CHICAGO (Reuters) - The first commercial-scale cellulosic ethanol plants should come on line by late 2009 or early 2010, and the industry remains poised to meet a U.S. government goal to increase biofuels use five-fold by 2022, the head of a leading energy crop company said on Monday.
“We should see the first commercial-scale plants coming on line in late-2009, early-2010,” said Richard Hamilton, President and CEO of California-based Ceres, speaking at the Reuters Global Agriculture and Biofuels Summit.
Widely touted as the future of biofuels production, cellulosic ethanol is made from non-food sources such as wood chips or plant stalks and leaves.
Ceres develops high biomass yielding crops such as switchgrass and miscanthus for future use as dedicated energy crops.
The majority of ethanol produced in the United States is currently made from corn grain.

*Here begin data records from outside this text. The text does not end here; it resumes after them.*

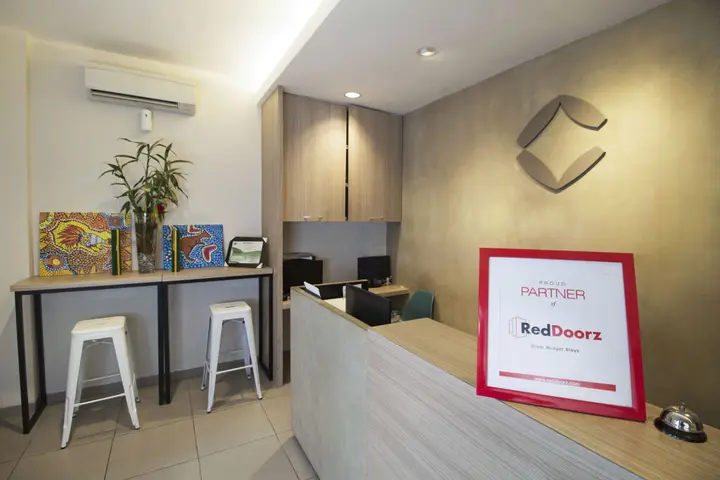 Джакарта: RedDoorz Plus @ Setiabudi Eight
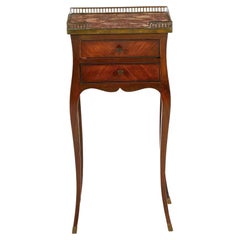 Tavolino in stile Luigi XV con piano in marmo modellato Rouge, XIX secolo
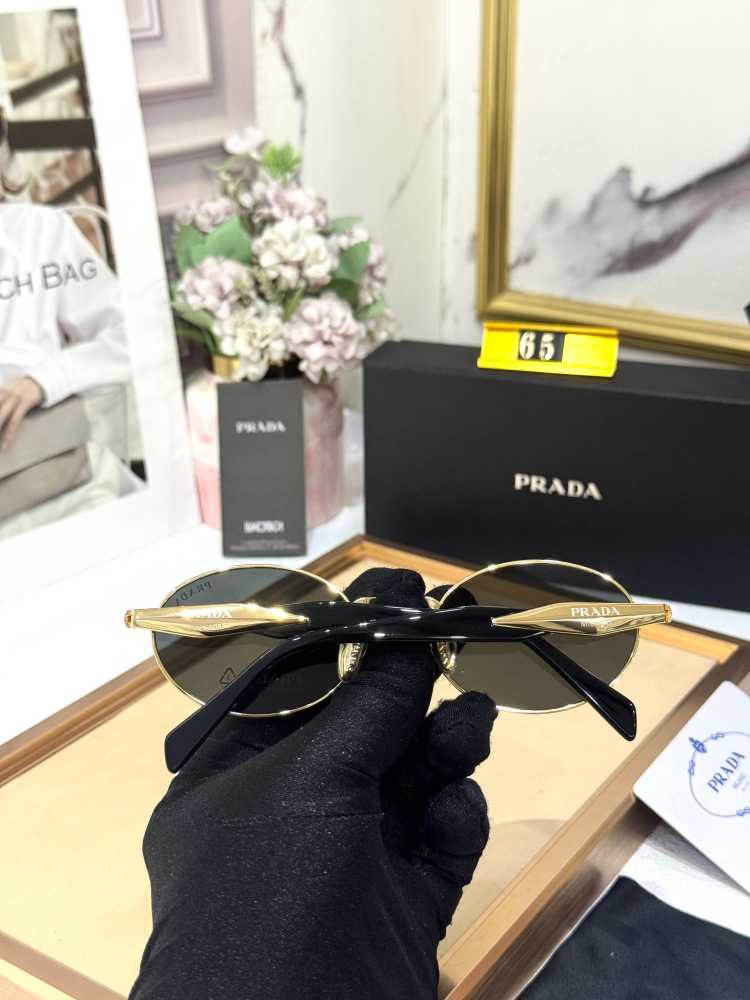 Prada Black Luxury Sunglasses-thumb-1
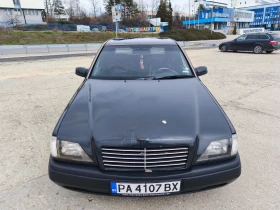Mercedes-Benz C 220, снимка 2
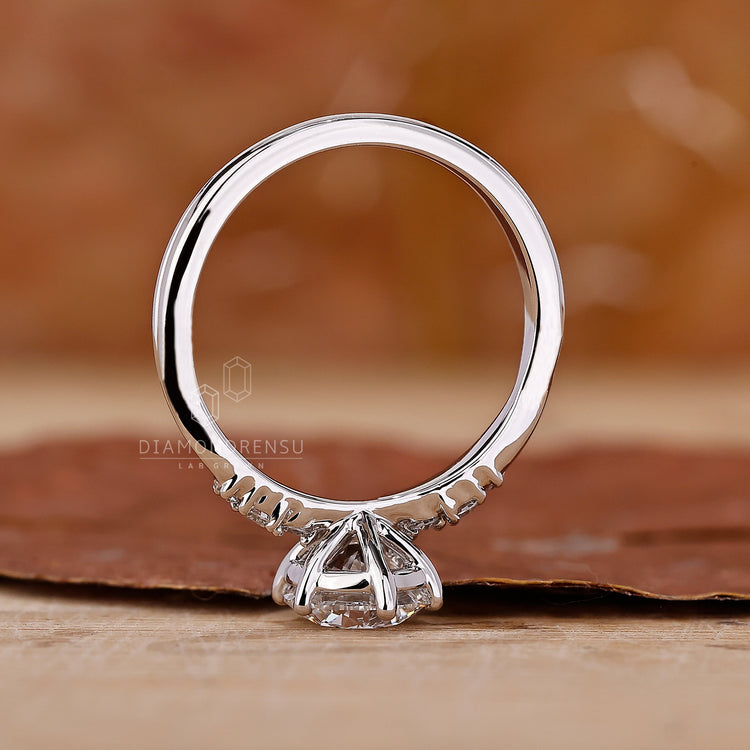 Classic round brilliant cut in white gold ring


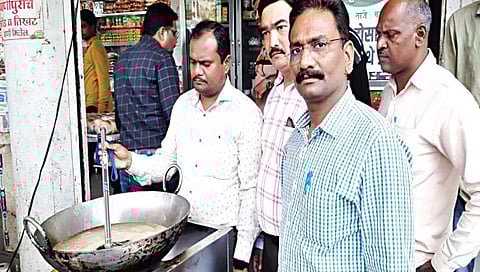 सातपूर : रॉयल बेकर्सच्या आस्थापनेवर कारवाई करताना अन्न-औषध प्रशासनाचे अधिकारी.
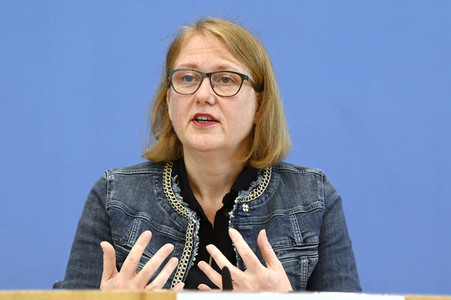 Bundespressekonferenz Erste Ergebnisse des Nationalen Diskriminierungs- und Rassismusmonitors in Berlin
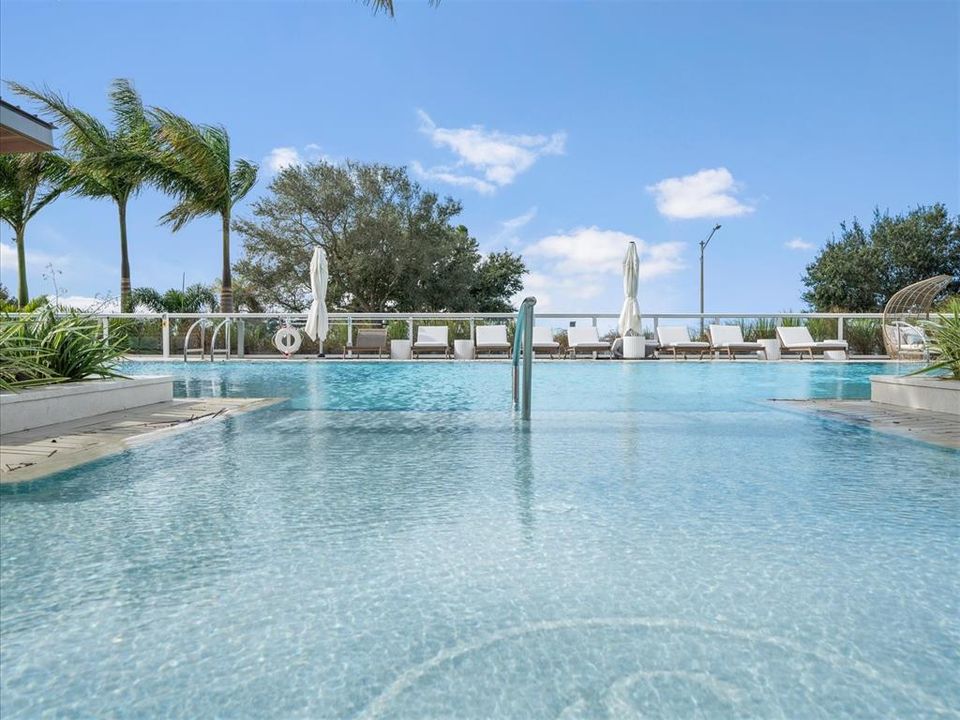 For Rent: $7,500 (2 beds, 2 baths, 1409 Square Feet)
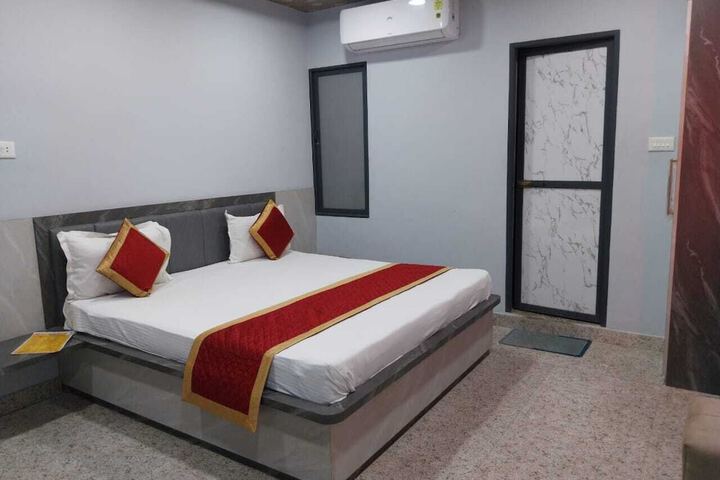 Room 19 of 29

It currently costs at least twice as much to make ethanol from cellulosic feedstocks than from corn.
Those high costs have thus far limited expansion of cellulosic technology beyond the demonstration phase, but an injection of government funding has sped the process in recent months.
The U.S. Department of Energy rolled out about $1.1 billion in funds to research bioenergy and build six commercial-scale biorefineries to help achieve the goal of increasing renewable fuels use to 36 billion gallons over the next 15 years.
Some or all of those six plants should be up and running in about two years, Hamilton said.
Those and other first generation plants will be small and costly to operate, but later generations will be much larger and much more efficient, he said.
“I sometimes refer to a cellulosic biorefinery as the ultimate flat-screen TV. The first few that roll off the assembly line are pretty expensive, but the costs come down once they shake out those operating costs,” Hamilton said.